= TASK BRIEF =
Where the records below begin, start copying, and stop after the line that contains "WINTER RED HAT"; reproduce every line exactly but omit pictures.

= DATASET =
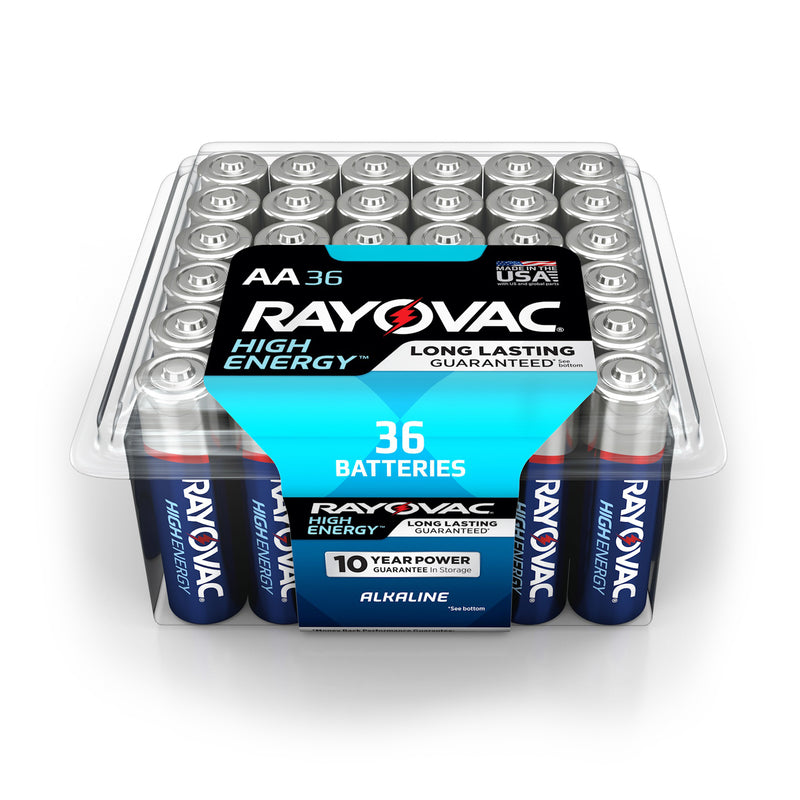 Pilas alcalinas AA de alta energía Rayovac, paquete de 36 en envase de concha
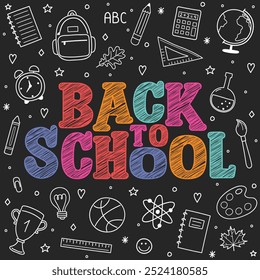 Cartel de regreso a la escuela con lindos iconos dibujados a mano en una pizarra. Ilustración vectorial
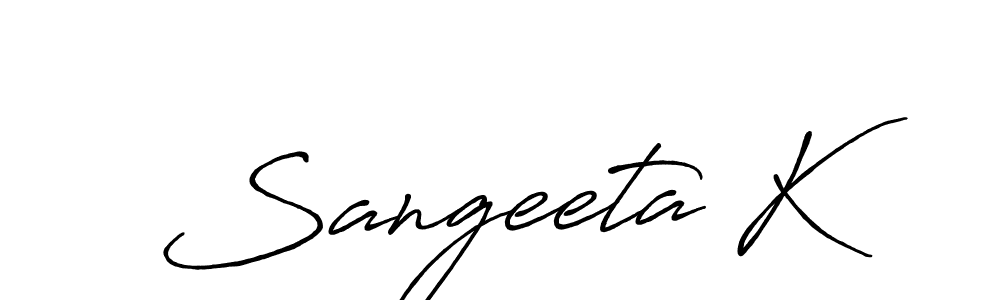 Antro_Vectra_Bolder is a professional signature style that is perfect for those who want to add a touch of class to their signature. It is also a great choice for those who want to make their signature more unique. Get Sangeeta K name to fancy signature for free. Sangeeta K signature style 7 images and pictures png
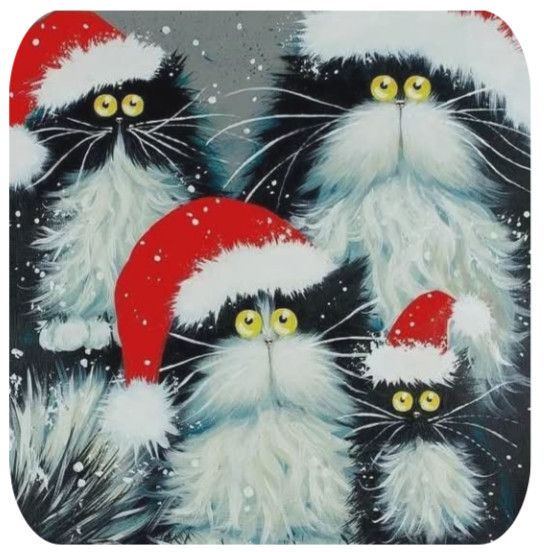 WINTER RED HAT CAT KITTY HOLIDAY THEMED OPT 1 MOUSEPAD MOUSE PAD THICK 9" X 7"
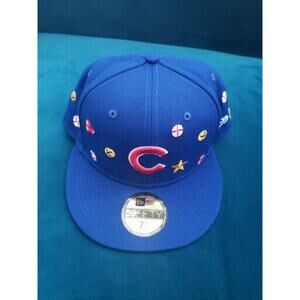 Sz 7 1/2 New Era Chicago Cubs Holly Blue 59FIFTY Fitted Hat 14500 Baseball Cap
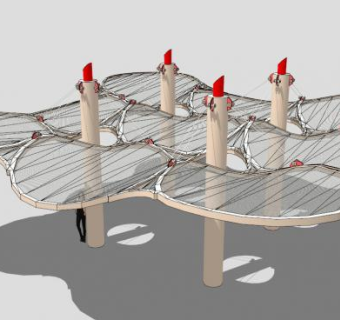 创意景观张拉膜棚SU模型下载_sketchup草图大师SKP模型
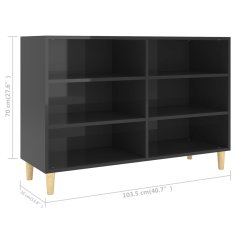 Vidaxl Komoda visok sijaj črna 103,5x35x70 cm iverna plošča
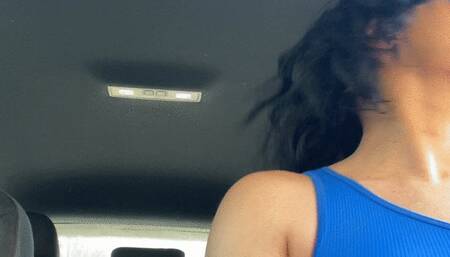 Blue Tank top drivings hard Virginia Slim 120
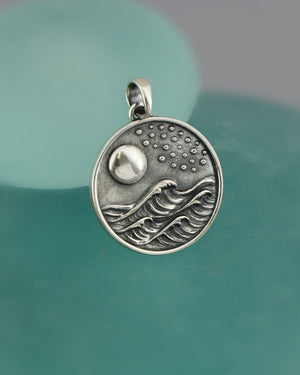 Sterling Silver Full Moon and Waves Pendant – Ocean - Inspired Pendant - Pendant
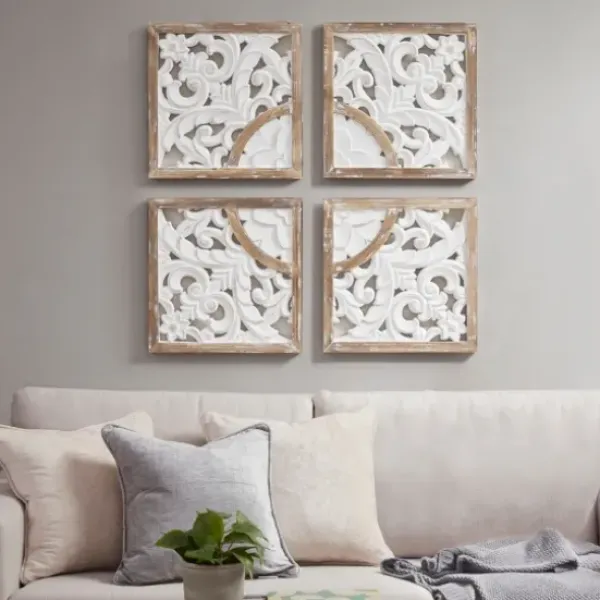 Wall Plaques-Kirkland's Home And Brown 4-Pc. Medallion Plaque White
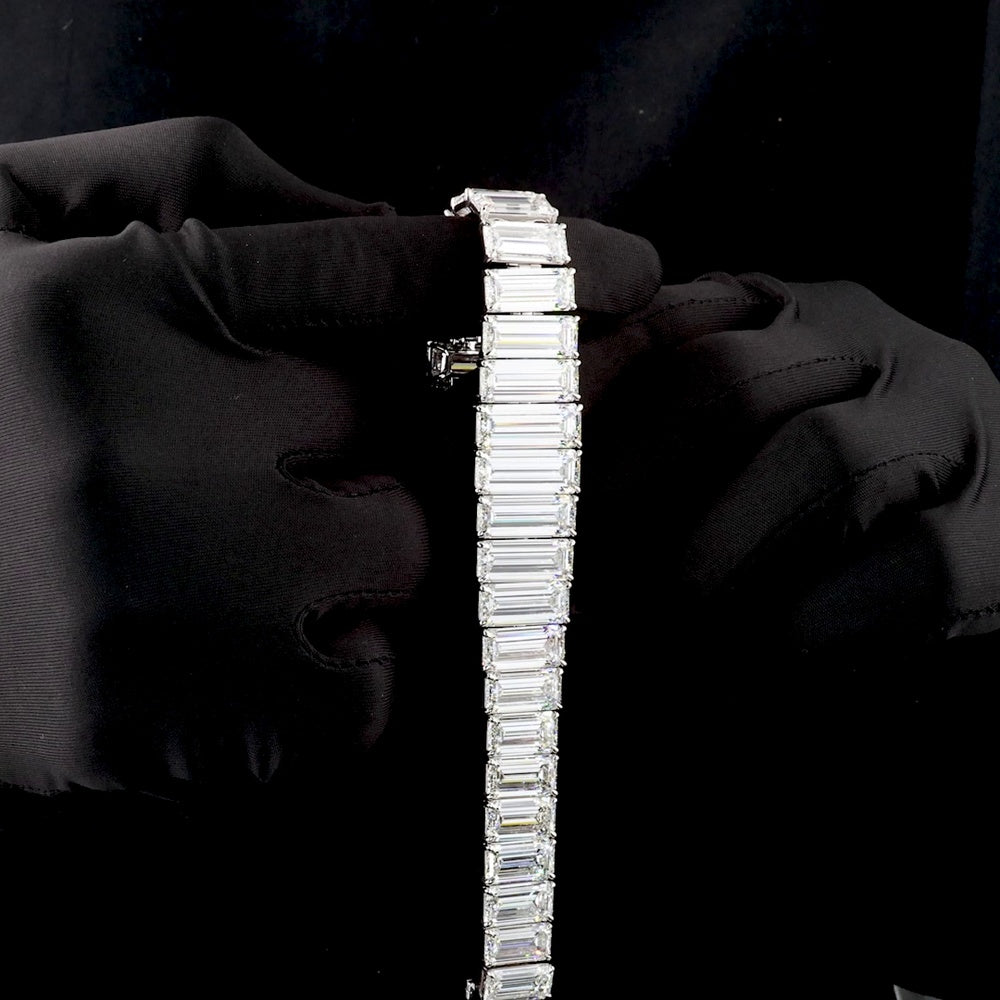 14K White Gold Riviera Bracelet with 26 Emerald Cut Lab Diamonds - 93.23 Carats Total Diamond Weight - Covaloro Fine Jewelry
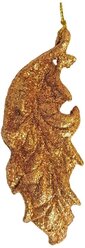Елочная игрушка Феникс-Презент Листик золото из полипропилена 12x4,5 см
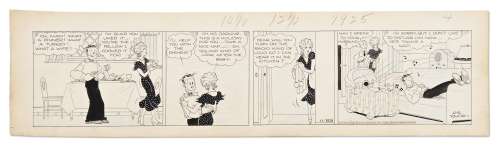 Chic Young Hand-Drawn ’’Blondie’’ Comic Strip From 1934 -- Thanksgiving Day Theme | Nate Sanders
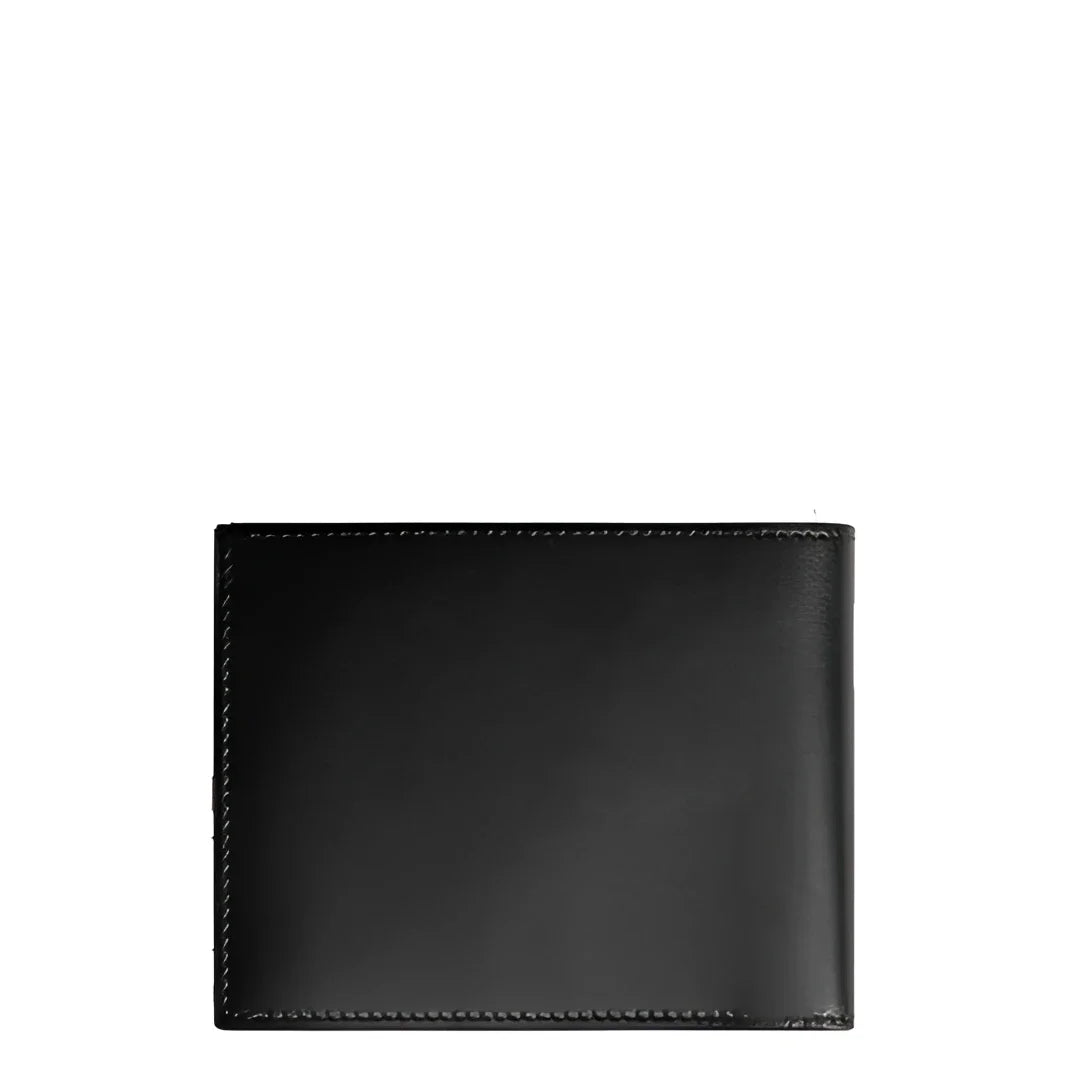 Montblanc black leather wallet with removable card holder in legion blue and finished stitching on the edges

= WRITTEN SOLUTION =
 Pilas alcalinas AA de alta energía Rayovac, paquete de 36 en envase de concha
 Cartel de regreso a la escuela con lindos iconos dibujados a mano en una pizarra. Ilustración vectorial
 Antro_Vectra_Bolder is a professional signature style that is perfect for those who want to add a touch of class to their signature. It is also a great choice for those who want to make their signature more unique. Get Sangeeta K name to fancy signature for free. Sangeeta K signature style 7 images and pictures png
 WINTER RED HAT CAT KITTY HOLIDAY THEMED OPT 1 MOUSEPAD MOUSE PAD THICK 9" X 7"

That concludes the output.